4.4. Boundary Bargaining Between Adjacent Neighbors
Although each plot has eight potential adjacent neighbors, boundary bargaining is only conducted with the neighbors in the same rows and columns, having no boundary overlap between them. That is, no bargaining occurs between the neighbors on the diagonals and not in the same rows or columns. As a result, a plot has the potential to share the same area with neighbors on the diagonals, which means that the total plot area may exceed the total image area. For plots with layouts in straight rows and columns, this problem is negligible. However, for other plot layouts, this problem could be severe.
4.5. Limitations
Currently, GRID only provides two options, either 0 or 90 degrees, when choosing rows or columns as the major axis of the field plot layout. When rows are chosen as the major axis, the columns are defined as the minor axis, and vice versa. In contrast, the minor axis can be optimized or adjusted to any angle degree that matches the layout. This approach works for images with either rows or columns that align with either the vertical or horizontal direction of the image. For images that do not have such properties, users can crop the images to satisfy the requirement. In such cases, the area of interest will be partially removed if near image edges, especially if near the corners.
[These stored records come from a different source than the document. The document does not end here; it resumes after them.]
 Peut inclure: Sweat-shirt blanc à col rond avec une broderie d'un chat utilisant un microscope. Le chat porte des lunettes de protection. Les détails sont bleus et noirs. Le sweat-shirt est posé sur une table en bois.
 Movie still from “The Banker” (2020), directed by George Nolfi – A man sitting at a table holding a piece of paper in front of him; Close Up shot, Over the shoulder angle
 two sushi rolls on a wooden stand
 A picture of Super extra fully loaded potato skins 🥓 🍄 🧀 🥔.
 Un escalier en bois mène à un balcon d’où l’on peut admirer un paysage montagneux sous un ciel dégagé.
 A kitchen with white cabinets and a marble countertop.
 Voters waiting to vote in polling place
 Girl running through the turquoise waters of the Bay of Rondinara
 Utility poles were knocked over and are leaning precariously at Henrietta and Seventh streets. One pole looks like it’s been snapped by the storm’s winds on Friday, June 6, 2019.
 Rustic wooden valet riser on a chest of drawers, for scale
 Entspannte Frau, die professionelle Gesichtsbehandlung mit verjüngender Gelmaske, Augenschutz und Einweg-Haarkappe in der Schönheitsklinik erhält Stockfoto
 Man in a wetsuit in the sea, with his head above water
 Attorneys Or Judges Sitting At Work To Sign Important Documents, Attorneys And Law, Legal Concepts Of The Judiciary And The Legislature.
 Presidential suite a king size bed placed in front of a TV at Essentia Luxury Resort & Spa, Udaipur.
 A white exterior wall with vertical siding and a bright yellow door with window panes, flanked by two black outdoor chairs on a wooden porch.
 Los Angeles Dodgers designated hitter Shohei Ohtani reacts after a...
GRID assumes the first three channels are the visible channels (RGB) and uses their average to control shade and noise. Thus, this assumption is invalidated for some multispectral images that capture other wavelengths. This assumption can also cause problems for calculating vegetation indices. GRID does not allow users the flexibility to define the channels and derive the vegetation indices accordingly. Users must arrange the channels based on the assumption of GRID. Otherwise, the adjustments on shade and noise should be conducted with caution. The output of vegetation indices should be interpreted accordingly or calculated from the values of channels.
Certain situations make it difficult for GRID to select POI or to segment. One situation that affects the selection of POI is a field filled with weeds that look very similar to the crop of interest. In many cases, weeds are distinguishable from crops so that weeds can be assigned to a cluster different from crops. Consequently, weeds are considered as background and will not affect layout detection and boundary determination. However, if weeds are nearly identical to the vegetation of interest for all channels, including RGB and other multispectral channels, GRID is unable to accurately select POI. Another situation that affects the segmentation is a field that contains a significant number of missing plots or a field layout of plots that is barely visible to human eyes. In these cases, GRID will have problems detecting the layouts automatically. Users must manually conduct the segmentation by defining the number of rows and columns.
GRID uses a pixel as the unit in its outputs, including the area of vegetation. Results from different images are comparable only if they have the same resolution. To compare images with different resolutions, users have to set reference objects in each image and transform the original GRID outputs accordingly.